_Stored data_.
————————

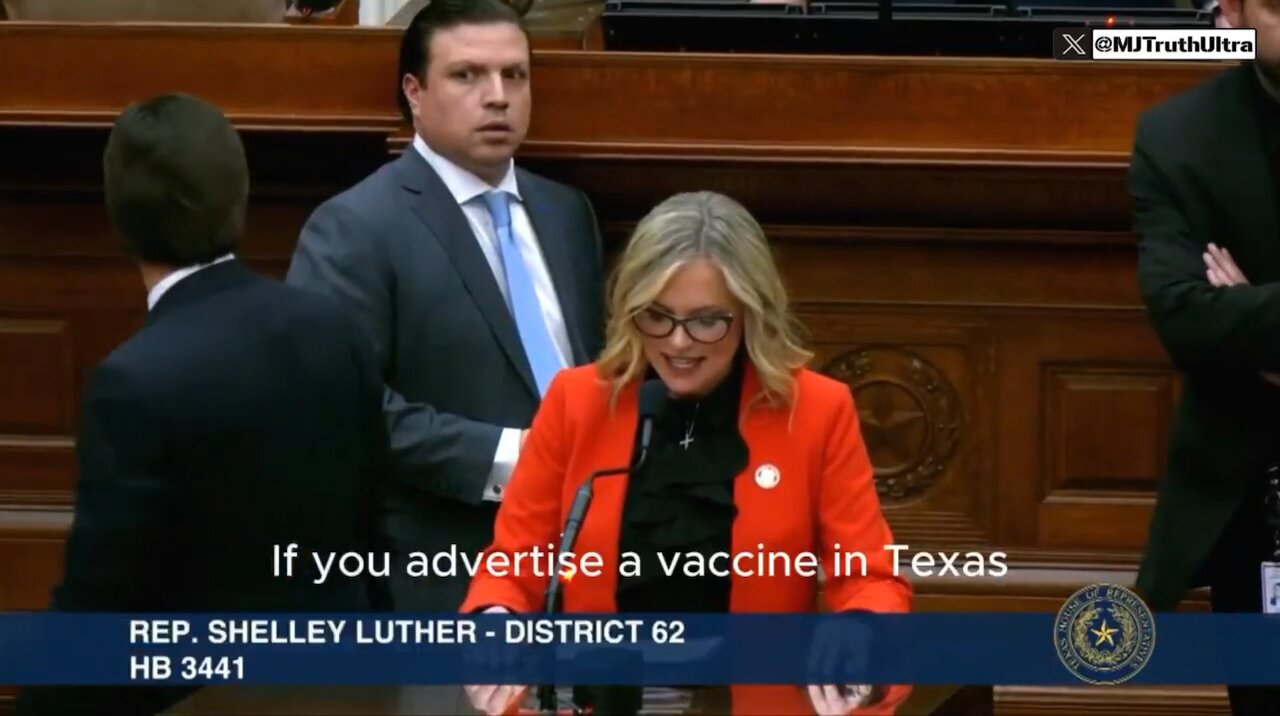 🙏 Texas passed HB 3441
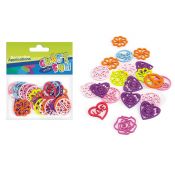 Ozdoba drewniana Craft Fun (339054)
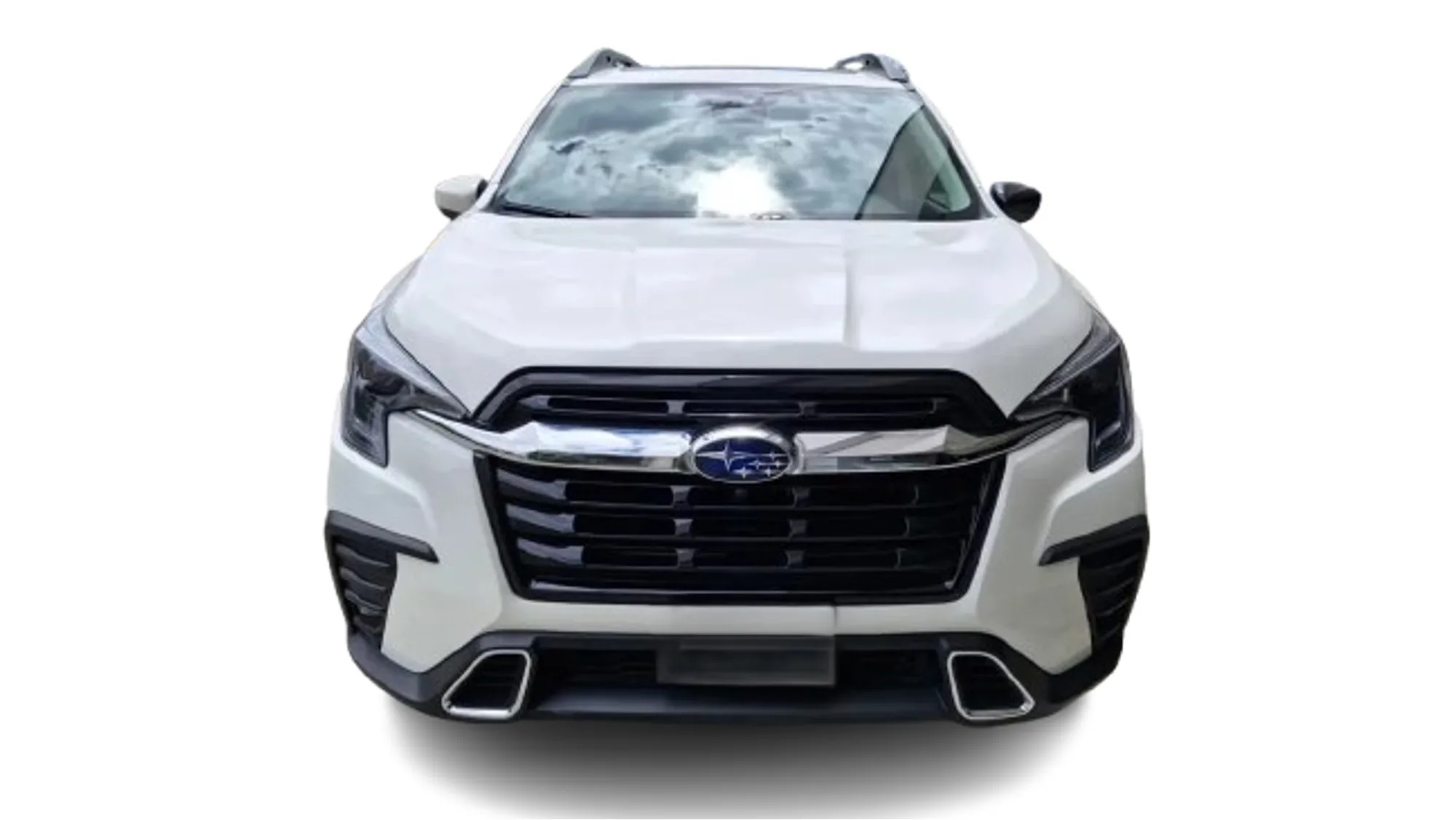 SUV Subaru Evoltis Turbo 2025 in Orlando — photo 2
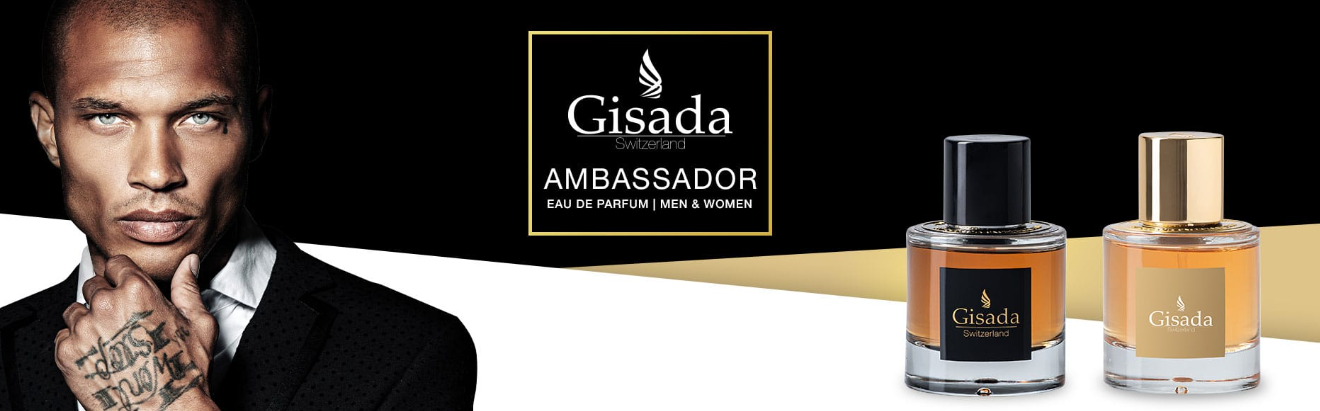 GISADA Banner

————————

_Task prompt_. Leave the pictures out and set down the rest of the listing above exactly.

_Solved exercise_.
 🙏 Texas passed HB 3441
 Ozdoba drewniana Craft Fun (339054)
 SUV Subaru Evoltis Turbo 2025 in Orlando — photo 2
 GISADA Banner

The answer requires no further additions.